Below you see examples of how polymorphism works in linguistics:

![alt text](img/S14.3.png)

Image A and B illustrate how replacements (e.g. new words replacing old ones) at different points in time help inform us about the genealogic relationship of languages. In C it is demonstrated that the reality of the situation might be more complicated than a simple tree can show due to competing word forms existing in the same language simultaneously.
In image D to F you can see the same for the phenomenon of paradigmatic leveling which may be applied in different directions in different branches.

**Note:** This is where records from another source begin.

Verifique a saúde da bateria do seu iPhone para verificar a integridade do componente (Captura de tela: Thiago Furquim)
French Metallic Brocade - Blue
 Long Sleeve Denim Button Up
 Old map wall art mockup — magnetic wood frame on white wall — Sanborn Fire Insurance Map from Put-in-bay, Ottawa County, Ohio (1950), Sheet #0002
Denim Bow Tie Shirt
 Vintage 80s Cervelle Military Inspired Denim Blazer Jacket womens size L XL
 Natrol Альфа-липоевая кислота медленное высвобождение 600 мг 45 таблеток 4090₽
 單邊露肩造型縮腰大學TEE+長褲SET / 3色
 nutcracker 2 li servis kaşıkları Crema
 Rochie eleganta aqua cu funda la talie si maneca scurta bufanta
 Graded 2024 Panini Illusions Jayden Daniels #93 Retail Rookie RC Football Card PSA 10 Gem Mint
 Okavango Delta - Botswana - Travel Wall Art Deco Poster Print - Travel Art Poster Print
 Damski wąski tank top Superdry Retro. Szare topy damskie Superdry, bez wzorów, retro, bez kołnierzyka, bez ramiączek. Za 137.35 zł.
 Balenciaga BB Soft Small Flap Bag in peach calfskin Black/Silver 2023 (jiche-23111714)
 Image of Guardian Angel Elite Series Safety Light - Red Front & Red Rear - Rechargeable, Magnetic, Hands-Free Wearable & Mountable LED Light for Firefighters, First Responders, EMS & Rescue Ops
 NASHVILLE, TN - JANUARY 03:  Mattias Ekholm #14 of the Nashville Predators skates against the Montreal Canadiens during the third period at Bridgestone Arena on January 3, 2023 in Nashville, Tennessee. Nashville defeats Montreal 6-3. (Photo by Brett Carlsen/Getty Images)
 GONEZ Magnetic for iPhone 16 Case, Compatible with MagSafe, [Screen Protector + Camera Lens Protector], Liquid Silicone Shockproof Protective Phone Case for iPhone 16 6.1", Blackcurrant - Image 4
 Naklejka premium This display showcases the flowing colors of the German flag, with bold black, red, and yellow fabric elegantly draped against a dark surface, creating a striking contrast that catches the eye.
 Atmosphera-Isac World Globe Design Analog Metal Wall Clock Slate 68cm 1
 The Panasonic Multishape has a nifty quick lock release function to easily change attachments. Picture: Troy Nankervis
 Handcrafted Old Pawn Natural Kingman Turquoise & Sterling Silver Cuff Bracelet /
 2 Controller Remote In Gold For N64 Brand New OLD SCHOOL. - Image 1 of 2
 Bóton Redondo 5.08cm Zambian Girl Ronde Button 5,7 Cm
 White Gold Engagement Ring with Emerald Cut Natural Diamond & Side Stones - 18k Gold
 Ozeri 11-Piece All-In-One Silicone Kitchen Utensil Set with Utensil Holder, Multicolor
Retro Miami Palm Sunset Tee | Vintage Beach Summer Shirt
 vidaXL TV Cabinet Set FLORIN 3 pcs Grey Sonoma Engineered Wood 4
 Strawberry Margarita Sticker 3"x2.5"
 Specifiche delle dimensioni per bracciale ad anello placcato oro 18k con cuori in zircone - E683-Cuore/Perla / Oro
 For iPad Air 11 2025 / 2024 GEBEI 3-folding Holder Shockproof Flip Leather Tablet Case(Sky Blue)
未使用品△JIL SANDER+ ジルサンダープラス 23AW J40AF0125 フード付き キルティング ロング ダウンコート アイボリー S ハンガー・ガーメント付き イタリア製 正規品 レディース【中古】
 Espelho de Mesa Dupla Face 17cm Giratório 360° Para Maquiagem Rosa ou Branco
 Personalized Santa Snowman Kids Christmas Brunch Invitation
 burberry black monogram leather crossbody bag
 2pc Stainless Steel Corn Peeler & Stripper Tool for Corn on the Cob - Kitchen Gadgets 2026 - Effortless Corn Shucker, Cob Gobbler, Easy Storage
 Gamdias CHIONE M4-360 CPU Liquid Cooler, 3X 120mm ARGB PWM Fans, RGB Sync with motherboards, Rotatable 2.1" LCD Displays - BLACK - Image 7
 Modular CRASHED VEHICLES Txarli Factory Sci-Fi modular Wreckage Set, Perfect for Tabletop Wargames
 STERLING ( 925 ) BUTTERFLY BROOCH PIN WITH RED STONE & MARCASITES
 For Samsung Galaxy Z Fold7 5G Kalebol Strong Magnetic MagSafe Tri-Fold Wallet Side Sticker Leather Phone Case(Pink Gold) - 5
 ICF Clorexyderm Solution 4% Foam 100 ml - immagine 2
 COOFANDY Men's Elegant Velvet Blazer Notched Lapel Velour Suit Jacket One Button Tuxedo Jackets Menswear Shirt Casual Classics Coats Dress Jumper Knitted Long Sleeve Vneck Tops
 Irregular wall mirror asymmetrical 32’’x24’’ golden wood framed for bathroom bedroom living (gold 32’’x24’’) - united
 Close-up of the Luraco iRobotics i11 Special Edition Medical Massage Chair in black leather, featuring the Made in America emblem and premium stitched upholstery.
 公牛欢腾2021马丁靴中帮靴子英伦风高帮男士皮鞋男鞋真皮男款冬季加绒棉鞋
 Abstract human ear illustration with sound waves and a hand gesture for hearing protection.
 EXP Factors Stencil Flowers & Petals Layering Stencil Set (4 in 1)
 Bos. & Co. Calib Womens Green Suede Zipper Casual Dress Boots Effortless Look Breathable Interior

## 2. Inferring Phylogenies


### 2.1 UPGMA and Neighbor-joining tree

#### 2.1.1 UPGMA 
UPGMA is the abbreviation of Unweighted Pair Group Method with Arithmetic Mean. This algorithm assumes a constant evolution rate, which is not always true in a real world scenario. If two species have shortest distance between them, then these two species are considered as last two diverge and joined with a common ancestor. 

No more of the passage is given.